• HOW TO COMPLETE THIS TASK
Restate the data word for word. Leave the pictures out.
***** COLLECTED DATA *****
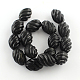 Natural Carved Obsidian Stone Bead Strands G-R270-64-2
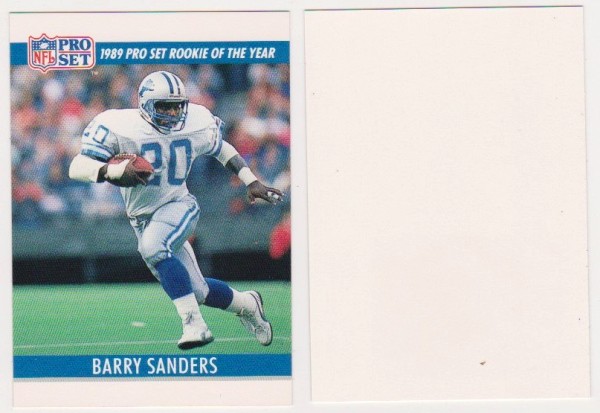 Barry Sanders 1990 Pro Set White Border Double Front Error + Blank Front Error Card Pair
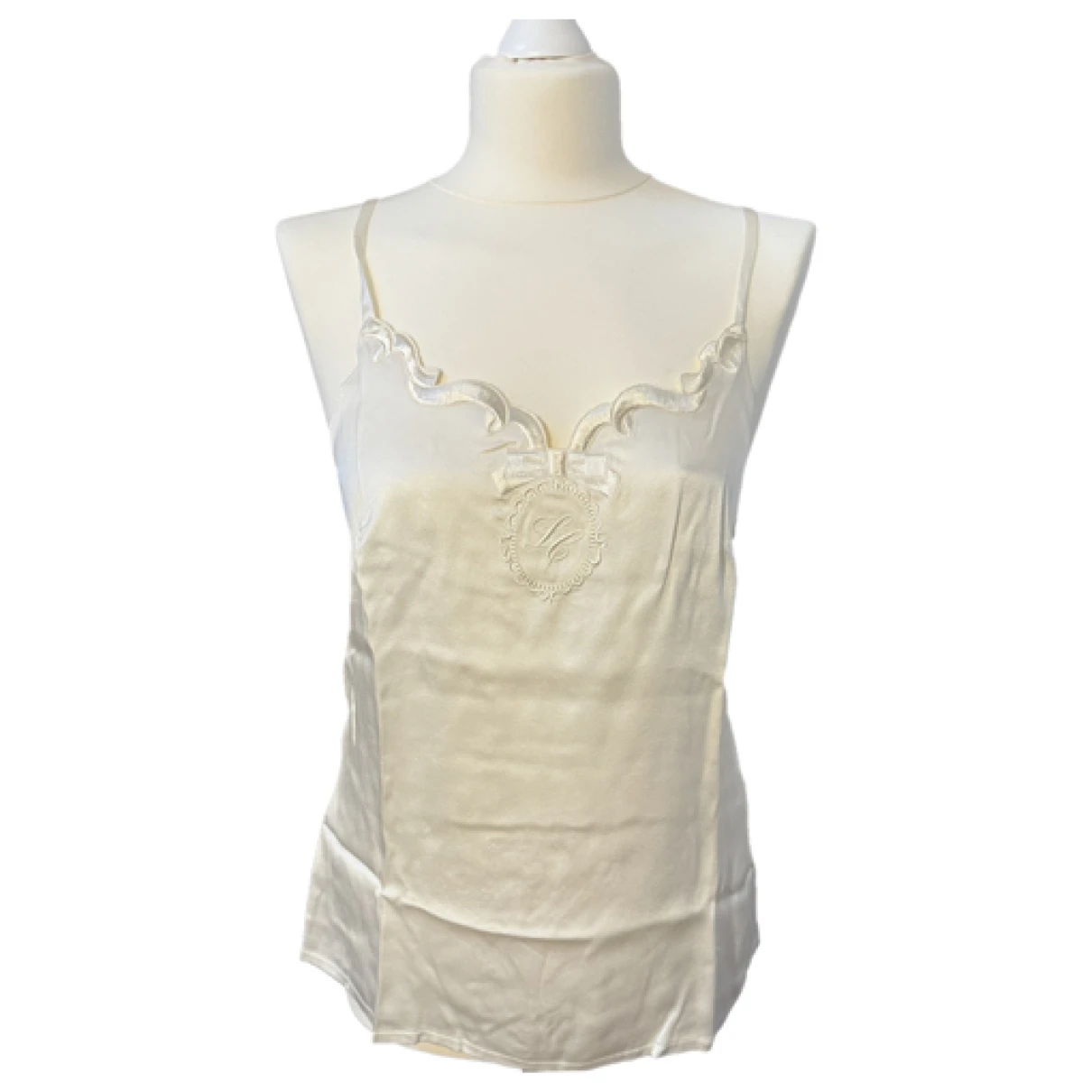 Pre-owned Les Copains Silk Camisole In White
*****
• OUTPUT FOR THIS TASK
 Natural Carved Obsidian Stone Bead Strands G-R270-64-2
 Barry Sanders 1990 Pro Set White Border Double Front Error + Blank Front Error Card Pair
 Pre-owned Les Copains Silk Camisole In White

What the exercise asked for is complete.